Вторым человеком, нападавшим на меня регулярно, был очеркист Георгий Радов, человек, как говорили, шотландского происхождения, настоящая фамилия которого была Вельш. Большого роста, рябой, с буйными, ниспадавшими на лоб кудрями, вечно пьяный и неуемно злой, он на меня нападал и на собраниях, и в газетах, да и просто при случайных встречах. Иногда это выглядело комически. Как-то в ресторане ЦДЛ он присел за мой столик и долго молча сверлил меня глазами. Потом не выдержал, заговорил:

— Ну, ты, ты! Ты думаешь, что ты писатель?

— Я думаю, что тебе лучше пойти и проспаться.

Радов еще больше разозлился:

— А почему ты говоришь мне «ты»?

Естественно, я ответил:

— А почему ты говоришь мне «ты»?

Не найдя, что мне еще сказать, он вскочил и пошел приставать к кому-то еще.

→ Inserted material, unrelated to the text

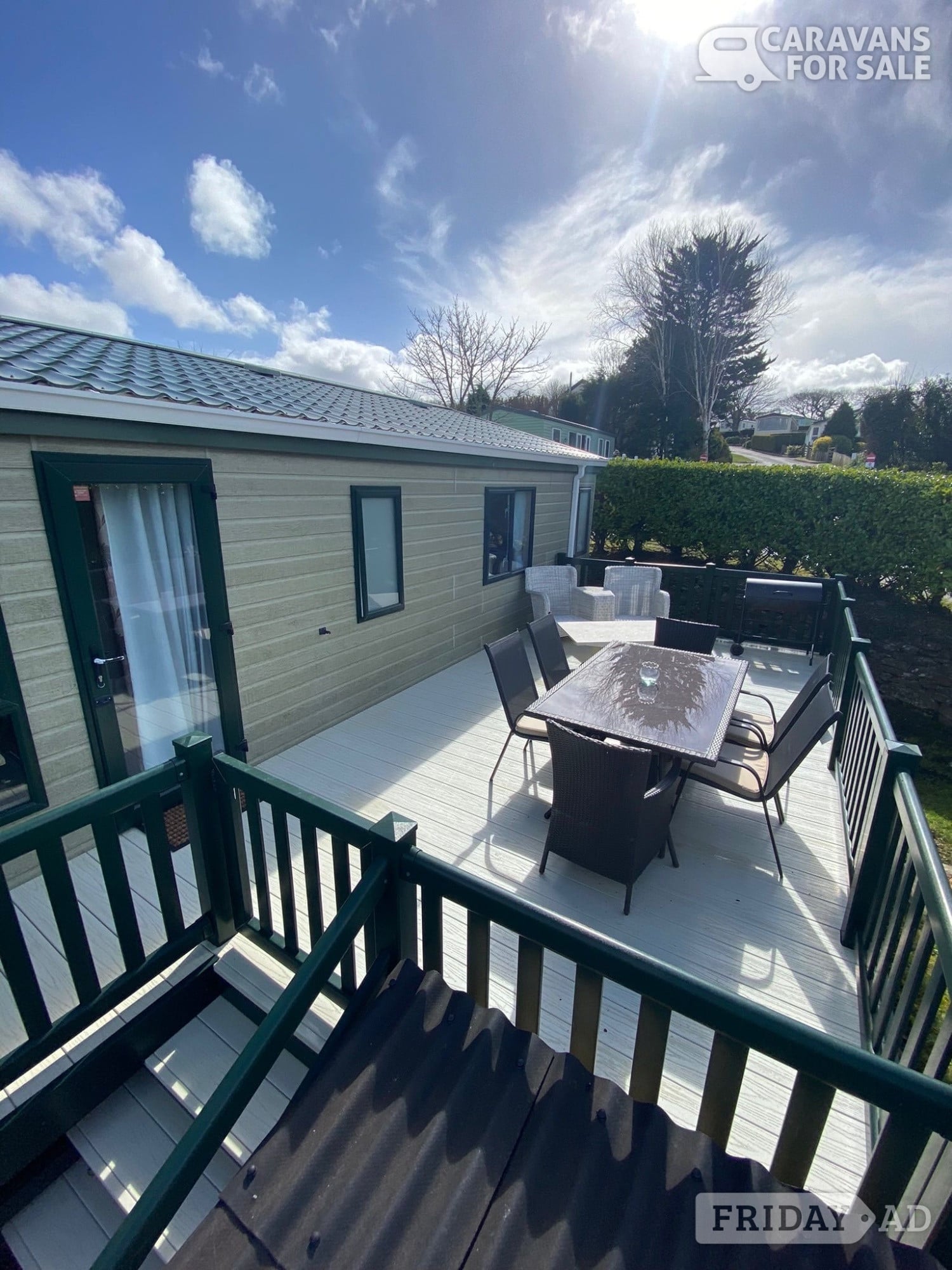 Newquay Fantastic Value, wonderful Lodge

Утолить ненависть ко мне у него возникла возможность в 1974 году, когда было решено исключить меня из Союза писателей. Первым этапом был разбор моего «персонального дела» на бюро объединения прозаиков. Вести заседание должен был председатель бюро некто Борис Зубавин. Но он заболел, и заместить его напросился Радов. С нескрываемым злорадством он начал заседание, но, по-моему, удовольствия получил меньше, чем ожидал: я не выглядел таким жалким, каким ему хотелось бы меня увидеть.

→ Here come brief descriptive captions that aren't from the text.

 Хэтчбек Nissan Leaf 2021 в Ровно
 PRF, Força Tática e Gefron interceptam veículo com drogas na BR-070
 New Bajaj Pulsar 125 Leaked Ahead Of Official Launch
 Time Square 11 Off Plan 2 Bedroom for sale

Меня исключили, а Радов вскоре умер. В отличие от Гуса, он, я думаю, вряд ли испытывал угрызения совести, но их испытал его старший сын Александр. Года через два после смерти отца он сказал мне примерно так:

— Мой отец был хороший человек, но по отношению к вам он был неправ и мне жаль, что он это сделал.

Глава шестидесятая. А.Т

В порыве нахальства

Твардовский был моим тогдашним кумиром. До понимания Пастернака, Мандельштама, Цветаевой и Ахматовой я еще не дорос. Из поэтов старшего поколения любил только Симонова и Твардовского, но Твардовского больше. За меткость языка, афористичность, доступность, сформулированную им самим как кредо: «Вот стихи, а все понятно, все на русском языке». Так я мог бы относиться и к Шолохову, но тот, казалось мне, давно исписался, спился, а его публичные выступления, глупые и бездарные, отвращали от него окончательно. Твардовский же ничем себя не уронил (в моих глазах, по крайней мере), считался, безусловно, крупной личностью, а уж как поэт был признан всеми: властью, читателями и поэтами. Чуковский и Маршак сравнивали Твардовского с Некрасовым, но я ставил его в то время ближе к Пушкину.